MATERIAL SHOWN Block Start
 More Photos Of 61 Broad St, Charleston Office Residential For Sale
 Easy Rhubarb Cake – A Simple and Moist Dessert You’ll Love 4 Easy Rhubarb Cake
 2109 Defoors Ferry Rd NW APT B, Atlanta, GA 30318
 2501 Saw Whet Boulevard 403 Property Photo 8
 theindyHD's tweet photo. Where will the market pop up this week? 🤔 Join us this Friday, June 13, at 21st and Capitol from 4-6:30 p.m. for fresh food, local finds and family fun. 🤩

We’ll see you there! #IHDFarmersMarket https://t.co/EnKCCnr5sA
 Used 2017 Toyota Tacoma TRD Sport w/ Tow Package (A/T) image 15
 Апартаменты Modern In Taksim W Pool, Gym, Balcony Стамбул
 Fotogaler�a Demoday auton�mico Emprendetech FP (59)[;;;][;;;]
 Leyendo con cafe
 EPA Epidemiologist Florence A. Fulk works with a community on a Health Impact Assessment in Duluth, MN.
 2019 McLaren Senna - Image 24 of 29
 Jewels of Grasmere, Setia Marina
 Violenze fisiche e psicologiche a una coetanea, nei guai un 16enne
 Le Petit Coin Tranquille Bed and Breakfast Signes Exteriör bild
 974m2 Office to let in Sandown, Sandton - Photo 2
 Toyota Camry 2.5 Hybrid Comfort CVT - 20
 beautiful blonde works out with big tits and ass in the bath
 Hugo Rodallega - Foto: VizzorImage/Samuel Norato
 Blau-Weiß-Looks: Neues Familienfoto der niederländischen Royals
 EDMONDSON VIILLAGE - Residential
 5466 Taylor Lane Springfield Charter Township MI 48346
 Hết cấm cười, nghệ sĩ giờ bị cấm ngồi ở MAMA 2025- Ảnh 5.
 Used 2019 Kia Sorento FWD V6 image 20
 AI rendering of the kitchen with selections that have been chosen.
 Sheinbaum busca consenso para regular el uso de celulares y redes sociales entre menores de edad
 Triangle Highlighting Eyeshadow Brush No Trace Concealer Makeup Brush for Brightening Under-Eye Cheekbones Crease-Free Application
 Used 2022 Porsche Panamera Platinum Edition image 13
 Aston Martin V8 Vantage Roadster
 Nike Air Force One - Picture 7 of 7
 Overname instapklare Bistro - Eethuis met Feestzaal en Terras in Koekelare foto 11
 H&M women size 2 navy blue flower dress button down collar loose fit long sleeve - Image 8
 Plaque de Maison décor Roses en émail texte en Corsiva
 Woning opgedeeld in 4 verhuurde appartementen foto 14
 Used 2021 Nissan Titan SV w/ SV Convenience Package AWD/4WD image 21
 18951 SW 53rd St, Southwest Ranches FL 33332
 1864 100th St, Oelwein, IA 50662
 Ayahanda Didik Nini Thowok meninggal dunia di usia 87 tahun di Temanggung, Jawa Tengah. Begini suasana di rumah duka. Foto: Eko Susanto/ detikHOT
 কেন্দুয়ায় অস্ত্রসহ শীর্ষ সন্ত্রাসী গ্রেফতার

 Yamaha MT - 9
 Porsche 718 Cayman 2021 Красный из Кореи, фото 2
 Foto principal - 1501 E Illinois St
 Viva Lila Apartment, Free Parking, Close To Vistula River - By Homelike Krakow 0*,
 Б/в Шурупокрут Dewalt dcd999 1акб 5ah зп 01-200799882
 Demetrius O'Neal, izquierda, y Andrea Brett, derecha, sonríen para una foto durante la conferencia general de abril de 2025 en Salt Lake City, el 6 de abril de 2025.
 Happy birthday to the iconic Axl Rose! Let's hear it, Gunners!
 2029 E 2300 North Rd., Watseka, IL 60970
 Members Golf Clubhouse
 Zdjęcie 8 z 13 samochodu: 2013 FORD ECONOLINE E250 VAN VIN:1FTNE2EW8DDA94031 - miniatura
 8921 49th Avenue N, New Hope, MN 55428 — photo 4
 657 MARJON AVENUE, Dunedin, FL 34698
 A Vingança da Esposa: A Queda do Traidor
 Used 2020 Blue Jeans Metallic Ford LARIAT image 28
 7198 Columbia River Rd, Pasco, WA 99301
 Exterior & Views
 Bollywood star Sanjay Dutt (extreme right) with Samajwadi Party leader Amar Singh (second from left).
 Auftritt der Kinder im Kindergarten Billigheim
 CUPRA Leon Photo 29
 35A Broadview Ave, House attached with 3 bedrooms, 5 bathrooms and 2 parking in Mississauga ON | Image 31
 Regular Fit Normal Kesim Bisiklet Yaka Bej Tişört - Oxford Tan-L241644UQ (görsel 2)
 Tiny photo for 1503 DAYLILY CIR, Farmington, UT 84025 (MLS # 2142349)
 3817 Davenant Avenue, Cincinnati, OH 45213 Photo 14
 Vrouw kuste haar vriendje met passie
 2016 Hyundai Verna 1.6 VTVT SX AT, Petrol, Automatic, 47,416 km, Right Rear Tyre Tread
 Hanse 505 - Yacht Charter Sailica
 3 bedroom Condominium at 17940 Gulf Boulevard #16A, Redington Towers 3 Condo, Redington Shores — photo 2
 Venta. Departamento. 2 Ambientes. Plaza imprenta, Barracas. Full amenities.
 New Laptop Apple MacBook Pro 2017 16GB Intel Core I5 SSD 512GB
MATERIAL SHOWN Block End
Only the lines above starting at the line that holds "Porsche 718 Cayman" and ending at the line that holds "CUPRA Leon Photo 29" are to be repeated, exactly and in full.

## REPLY TO THE EXERCISE
 Porsche 718 Cayman 2021 Красный из Кореи, фото 2
 Foto principal - 1501 E Illinois St
 Viva Lila Apartment, Free Parking, Close To Vistula River - By Homelike Krakow 0*,
 Б/в Шурупокрут Dewalt dcd999 1акб 5ah зп 01-200799882
 Demetrius O'Neal, izquierda, y Andrea Brett, derecha, sonríen para una foto durante la conferencia general de abril de 2025 en Salt Lake City, el 6 de abril de 2025.
 Happy birthday to the iconic Axl Rose! Let's hear it, Gunners!
 2029 E 2300 North Rd., Watseka, IL 60970
 Members Golf Clubhouse
 Zdjęcie 8 z 13 samochodu: 2013 FORD ECONOLINE E250 VAN VIN:1FTNE2EW8DDA94031 - miniatura
 8921 49th Avenue N, New Hope, MN 55428 — photo 4
 657 MARJON AVENUE, Dunedin, FL 34698
 A Vingança da Esposa: A Queda do Traidor
 Used 2020 Blue Jeans Metallic Ford LARIAT image 28
 7198 Columbia River Rd, Pasco, WA 99301
 Exterior & Views
 Bollywood star Sanjay Dutt (extreme right) with Samajwadi Party leader Amar Singh (second from left).
 Auftritt der Kinder im Kindergarten Billigheim
 CUPRA Leon Photo 29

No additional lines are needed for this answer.